→ TASK REQUIREMENTS
Could you copy every record below exactly as it is written?

→ SUPPLIED DATA

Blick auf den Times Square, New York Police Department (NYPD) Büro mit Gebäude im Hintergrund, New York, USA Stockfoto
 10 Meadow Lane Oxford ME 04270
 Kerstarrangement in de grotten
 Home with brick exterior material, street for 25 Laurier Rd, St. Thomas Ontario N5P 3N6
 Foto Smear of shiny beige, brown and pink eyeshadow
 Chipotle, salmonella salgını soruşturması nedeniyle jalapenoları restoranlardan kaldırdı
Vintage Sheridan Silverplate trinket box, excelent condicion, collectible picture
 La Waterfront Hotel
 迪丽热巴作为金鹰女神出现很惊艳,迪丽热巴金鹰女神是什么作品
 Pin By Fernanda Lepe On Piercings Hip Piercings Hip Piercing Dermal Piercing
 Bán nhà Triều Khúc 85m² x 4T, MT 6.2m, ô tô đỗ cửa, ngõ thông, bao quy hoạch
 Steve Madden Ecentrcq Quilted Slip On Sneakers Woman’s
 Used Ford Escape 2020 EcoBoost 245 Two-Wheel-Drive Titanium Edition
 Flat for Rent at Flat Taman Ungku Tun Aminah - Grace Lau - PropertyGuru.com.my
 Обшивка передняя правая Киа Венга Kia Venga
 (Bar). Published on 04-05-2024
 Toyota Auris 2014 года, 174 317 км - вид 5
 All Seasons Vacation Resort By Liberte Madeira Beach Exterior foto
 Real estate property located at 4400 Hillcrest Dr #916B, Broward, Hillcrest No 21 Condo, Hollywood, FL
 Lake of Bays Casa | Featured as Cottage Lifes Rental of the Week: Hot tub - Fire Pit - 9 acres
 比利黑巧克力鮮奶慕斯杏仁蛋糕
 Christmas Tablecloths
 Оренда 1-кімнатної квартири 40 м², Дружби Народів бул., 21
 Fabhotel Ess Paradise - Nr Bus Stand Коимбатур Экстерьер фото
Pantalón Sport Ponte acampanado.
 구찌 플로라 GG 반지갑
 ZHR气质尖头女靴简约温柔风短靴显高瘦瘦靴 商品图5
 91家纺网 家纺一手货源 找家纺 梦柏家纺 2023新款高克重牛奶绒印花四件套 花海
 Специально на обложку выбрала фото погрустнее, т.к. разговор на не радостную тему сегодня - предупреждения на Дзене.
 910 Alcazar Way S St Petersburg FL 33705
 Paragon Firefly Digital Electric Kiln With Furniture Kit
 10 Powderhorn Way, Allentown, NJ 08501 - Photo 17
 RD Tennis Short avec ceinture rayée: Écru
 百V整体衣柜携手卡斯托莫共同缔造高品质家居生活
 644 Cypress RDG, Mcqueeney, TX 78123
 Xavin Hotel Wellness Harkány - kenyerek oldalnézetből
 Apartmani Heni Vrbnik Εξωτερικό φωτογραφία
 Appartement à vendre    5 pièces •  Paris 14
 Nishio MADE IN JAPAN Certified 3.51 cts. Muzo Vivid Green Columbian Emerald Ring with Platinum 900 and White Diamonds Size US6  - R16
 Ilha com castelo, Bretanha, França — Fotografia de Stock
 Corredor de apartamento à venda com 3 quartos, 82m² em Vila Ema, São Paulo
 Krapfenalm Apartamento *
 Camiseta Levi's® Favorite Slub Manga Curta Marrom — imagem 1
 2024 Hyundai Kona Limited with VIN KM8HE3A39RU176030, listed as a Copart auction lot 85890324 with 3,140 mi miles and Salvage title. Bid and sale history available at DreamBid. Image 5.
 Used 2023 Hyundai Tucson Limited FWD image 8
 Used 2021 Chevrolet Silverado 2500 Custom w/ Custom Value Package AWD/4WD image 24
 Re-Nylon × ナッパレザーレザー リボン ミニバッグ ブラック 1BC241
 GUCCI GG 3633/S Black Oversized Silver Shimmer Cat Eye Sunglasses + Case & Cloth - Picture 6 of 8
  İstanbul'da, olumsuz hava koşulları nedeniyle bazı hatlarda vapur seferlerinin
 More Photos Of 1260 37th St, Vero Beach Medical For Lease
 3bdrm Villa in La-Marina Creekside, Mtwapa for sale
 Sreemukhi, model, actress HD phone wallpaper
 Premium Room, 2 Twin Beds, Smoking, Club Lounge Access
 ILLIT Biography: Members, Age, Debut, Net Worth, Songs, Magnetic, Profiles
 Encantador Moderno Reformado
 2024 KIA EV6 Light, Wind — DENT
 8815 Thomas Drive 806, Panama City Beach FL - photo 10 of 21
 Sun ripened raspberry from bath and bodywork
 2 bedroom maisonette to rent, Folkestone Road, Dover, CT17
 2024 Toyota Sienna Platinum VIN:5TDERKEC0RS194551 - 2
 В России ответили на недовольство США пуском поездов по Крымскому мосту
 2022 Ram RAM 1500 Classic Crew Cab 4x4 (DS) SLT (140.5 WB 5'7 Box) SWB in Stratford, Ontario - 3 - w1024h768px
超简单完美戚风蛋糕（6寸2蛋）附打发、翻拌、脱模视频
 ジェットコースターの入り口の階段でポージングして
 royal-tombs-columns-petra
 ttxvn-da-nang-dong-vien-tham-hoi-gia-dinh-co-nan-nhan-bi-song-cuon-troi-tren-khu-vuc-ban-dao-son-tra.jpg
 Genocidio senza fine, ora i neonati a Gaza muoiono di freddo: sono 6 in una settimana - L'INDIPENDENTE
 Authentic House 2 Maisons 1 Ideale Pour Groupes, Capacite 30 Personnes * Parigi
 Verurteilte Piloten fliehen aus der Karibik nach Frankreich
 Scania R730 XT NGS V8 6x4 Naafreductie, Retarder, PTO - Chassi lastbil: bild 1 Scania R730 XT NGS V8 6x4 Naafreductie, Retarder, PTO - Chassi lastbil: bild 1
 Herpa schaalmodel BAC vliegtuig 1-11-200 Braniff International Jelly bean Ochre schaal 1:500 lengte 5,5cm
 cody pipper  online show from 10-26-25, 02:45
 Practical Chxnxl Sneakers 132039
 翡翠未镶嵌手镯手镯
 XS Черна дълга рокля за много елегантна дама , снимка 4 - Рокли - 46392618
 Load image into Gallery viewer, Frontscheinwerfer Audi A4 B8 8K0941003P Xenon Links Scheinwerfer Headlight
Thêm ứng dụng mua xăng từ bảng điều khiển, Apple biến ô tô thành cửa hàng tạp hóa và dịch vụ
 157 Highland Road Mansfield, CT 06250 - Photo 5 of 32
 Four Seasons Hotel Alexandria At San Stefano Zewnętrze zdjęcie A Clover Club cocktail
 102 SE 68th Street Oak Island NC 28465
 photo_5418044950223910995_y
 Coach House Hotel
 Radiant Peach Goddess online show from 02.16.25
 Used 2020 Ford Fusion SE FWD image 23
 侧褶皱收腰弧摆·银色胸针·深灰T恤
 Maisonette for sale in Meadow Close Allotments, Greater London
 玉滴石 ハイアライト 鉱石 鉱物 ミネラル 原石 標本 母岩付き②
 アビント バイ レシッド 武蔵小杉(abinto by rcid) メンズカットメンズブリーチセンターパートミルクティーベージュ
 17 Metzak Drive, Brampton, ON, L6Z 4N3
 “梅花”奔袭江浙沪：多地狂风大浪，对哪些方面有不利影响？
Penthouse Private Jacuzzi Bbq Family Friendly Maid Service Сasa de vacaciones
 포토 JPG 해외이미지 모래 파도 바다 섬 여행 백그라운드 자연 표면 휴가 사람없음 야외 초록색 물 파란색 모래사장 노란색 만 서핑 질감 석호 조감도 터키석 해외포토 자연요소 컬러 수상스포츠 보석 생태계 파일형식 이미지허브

→ RESPONSE TO THIS EXERCISE
Blick auf den Times Square, New York Police Department (NYPD) Büro mit Gebäude im Hintergrund, New York, USA Stockfoto
 10 Meadow Lane Oxford ME 04270
 Kerstarrangement in de grotten
 Home with brick exterior material, street for 25 Laurier Rd, St. Thomas Ontario N5P 3N6
 Foto Smear of shiny beige, brown and pink eyeshadow
 Chipotle, salmonella salgını soruşturması nedeniyle jalapenoları restoranlardan kaldırdı
Vintage Sheridan Silverplate trinket box, excelent condicion, collectible picture
 La Waterfront Hotel
 迪丽热巴作为金鹰女神出现很惊艳,迪丽热巴金鹰女神是什么作品
 Pin By Fernanda Lepe On Piercings Hip Piercings Hip Piercing Dermal Piercing
 Bán nhà Triều Khúc 85m² x 4T, MT 6.2m, ô tô đỗ cửa, ngõ thông, bao quy hoạch
 Steve Madden Ecentrcq Quilted Slip On Sneakers Woman’s
 Used Ford Escape 2020 EcoBoost 245 Two-Wheel-Drive Titanium Edition
 Flat for Rent at Flat Taman Ungku Tun Aminah - Grace Lau - PropertyGuru.com.my
 Обшивка передняя правая Киа Венга Kia Venga
 (Bar). Published on 04-05-2024
 Toyota Auris 2014 года, 174 317 км - вид 5
 All Seasons Vacation Resort By Liberte Madeira Beach Exterior foto
 Real estate property located at 4400 Hillcrest Dr #916B, Broward, Hillcrest No 21 Condo, Hollywood, FL
 Lake of Bays Casa | Featured as Cottage Lifes Rental of the Week: Hot tub - Fire Pit - 9 acres
 比利黑巧克力鮮奶慕斯杏仁蛋糕
 Christmas Tablecloths
 Оренда 1-кімнатної квартири 40 м², Дружби Народів бул., 21
 Fabhotel Ess Paradise - Nr Bus Stand Коимбатур Экстерьер фото
Pantalón Sport Ponte acampanado.
 구찌 플로라 GG 반지갑
 ZHR气质尖头女靴简约温柔风短靴显高瘦瘦靴 商品图5
 91家纺网 家纺一手货源 找家纺 梦柏家纺 2023新款高克重牛奶绒印花四件套 花海
 Специально на обложку выбрала фото погрустнее, т.к. разговор на не радостную тему сегодня - предупреждения на Дзене.
 910 Alcazar Way S St Petersburg FL 33705
 Paragon Firefly Digital Electric Kiln With Furniture Kit
 10 Powderhorn Way, Allentown, NJ 08501 - Photo 17
 RD Tennis Short avec ceinture rayée: Écru
 百V整体衣柜携手卡斯托莫共同缔造高品质家居生活
 644 Cypress RDG, Mcqueeney, TX 78123
 Xavin Hotel Wellness Harkány - kenyerek oldalnézetből
 Apartmani Heni Vrbnik Εξωτερικό φωτογραφία
 Appartement à vendre    5 pièces •  Paris 14
 Nishio MADE IN JAPAN Certified 3.51 cts. Muzo Vivid Green Columbian Emerald Ring with Platinum 900 and White Diamonds Size US6  - R16
 Ilha com castelo, Bretanha, França — Fotografia de Stock
 Corredor de apartamento à venda com 3 quartos, 82m² em Vila Ema, São Paulo
 Krapfenalm Apartamento *
 Camiseta Levi's® Favorite Slub Manga Curta Marrom — imagem 1
 2024 Hyundai Kona Limited with VIN KM8HE3A39RU176030, listed as a Copart auction lot 85890324 with 3,140 mi miles and Salvage title. Bid and sale history available at DreamBid. Image 5.
 Used 2023 Hyundai Tucson Limited FWD image 8
 Used 2021 Chevrolet Silverado 2500 Custom w/ Custom Value Package AWD/4WD image 24
 Re-Nylon × ナッパレザーレザー リボン ミニバッグ ブラック 1BC241
 GUCCI GG 3633/S Black Oversized Silver Shimmer Cat Eye Sunglasses + Case & Cloth - Picture 6 of 8
  İstanbul'da, olumsuz hava koşulları nedeniyle bazı hatlarda vapur seferlerinin
 More Photos Of 1260 37th St, Vero Beach Medical For Lease
 3bdrm Villa in La-Marina Creekside, Mtwapa for sale
 Sreemukhi, model, actress HD phone wallpaper
 Premium Room, 2 Twin Beds, Smoking, Club Lounge Access
 ILLIT Biography: Members, Age, Debut, Net Worth, Songs, Magnetic, Profiles
 Encantador Moderno Reformado
 2024 KIA EV6 Light, Wind — DENT
 8815 Thomas Drive 806, Panama City Beach FL - photo 10 of 21
 Sun ripened raspberry from bath and bodywork
 2 bedroom maisonette to rent, Folkestone Road, Dover, CT17
 2024 Toyota Sienna Platinum VIN:5TDERKEC0RS194551 - 2
 В России ответили на недовольство США пуском поездов по Крымскому мосту
 2022 Ram RAM 1500 Classic Crew Cab 4x4 (DS) SLT (140.5 WB 5'7 Box) SWB in Stratford, Ontario - 3 - w1024h768px
超简单完美戚风蛋糕（6寸2蛋）附打发、翻拌、脱模视频
 ジェットコースターの入り口の階段でポージングして
 royal-tombs-columns-petra
 ttxvn-da-nang-dong-vien-tham-hoi-gia-dinh-co-nan-nhan-bi-song-cuon-troi-tren-khu-vuc-ban-dao-son-tra.jpg
 Genocidio senza fine, ora i neonati a Gaza muoiono di freddo: sono 6 in una settimana - L'INDIPENDENTE
 Authentic House 2 Maisons 1 Ideale Pour Groupes, Capacite 30 Personnes * Parigi
 Verurteilte Piloten fliehen aus der Karibik nach Frankreich
 Scania R730 XT NGS V8 6x4 Naafreductie, Retarder, PTO - Chassi lastbil: bild 1 Scania R730 XT NGS V8 6x4 Naafreductie, Retarder, PTO - Chassi lastbil: bild 1
 Herpa schaalmodel BAC vliegtuig 1-11-200 Braniff International Jelly bean Ochre schaal 1:500 lengte 5,5cm
 cody pipper  online show from 10-26-25, 02:45
 Practical Chxnxl Sneakers 132039
 翡翠未镶嵌手镯手镯
 XS Черна дълга рокля за много елегантна дама , снимка 4 - Рокли - 46392618
 Load image into Gallery viewer, Frontscheinwerfer Audi A4 B8 8K0941003P Xenon Links Scheinwerfer Headlight
Thêm ứng dụng mua xăng từ bảng điều khiển, Apple biến ô tô thành cửa hàng tạp hóa và dịch vụ
 157 Highland Road Mansfield, CT 06250 - Photo 5 of 32
 Four Seasons Hotel Alexandria At San Stefano Zewnętrze zdjęcie A Clover Club cocktail
 102 SE 68th Street Oak Island NC 28465
 photo_5418044950223910995_y
 Coach House Hotel
 Radiant Peach Goddess online show from 02.16.25
 Used 2020 Ford Fusion SE FWD image 23
 侧褶皱收腰弧摆·银色胸针·深灰T恤
 Maisonette for sale in Meadow Close Allotments, Greater London
 玉滴石 ハイアライト 鉱石 鉱物 ミネラル 原石 標本 母岩付き②
 アビント バイ レシッド 武蔵小杉(abinto by rcid) メンズカットメンズブリーチセンターパートミルクティーベージュ
 17 Metzak Drive, Brampton, ON, L6Z 4N3
 “梅花”奔袭江浙沪：多地狂风大浪，对哪些方面有不利影响？
Penthouse Private Jacuzzi Bbq Family Friendly Maid Service Сasa de vacaciones
 포토 JPG 해외이미지 모래 파도 바다 섬 여행 백그라운드 자연 표면 휴가 사람없음 야외 초록색 물 파란색 모래사장 노란색 만 서핑 질감 석호 조감도 터키석 해외포토 자연요소 컬러 수상스포츠 보석 생태계 파일형식 이미지허브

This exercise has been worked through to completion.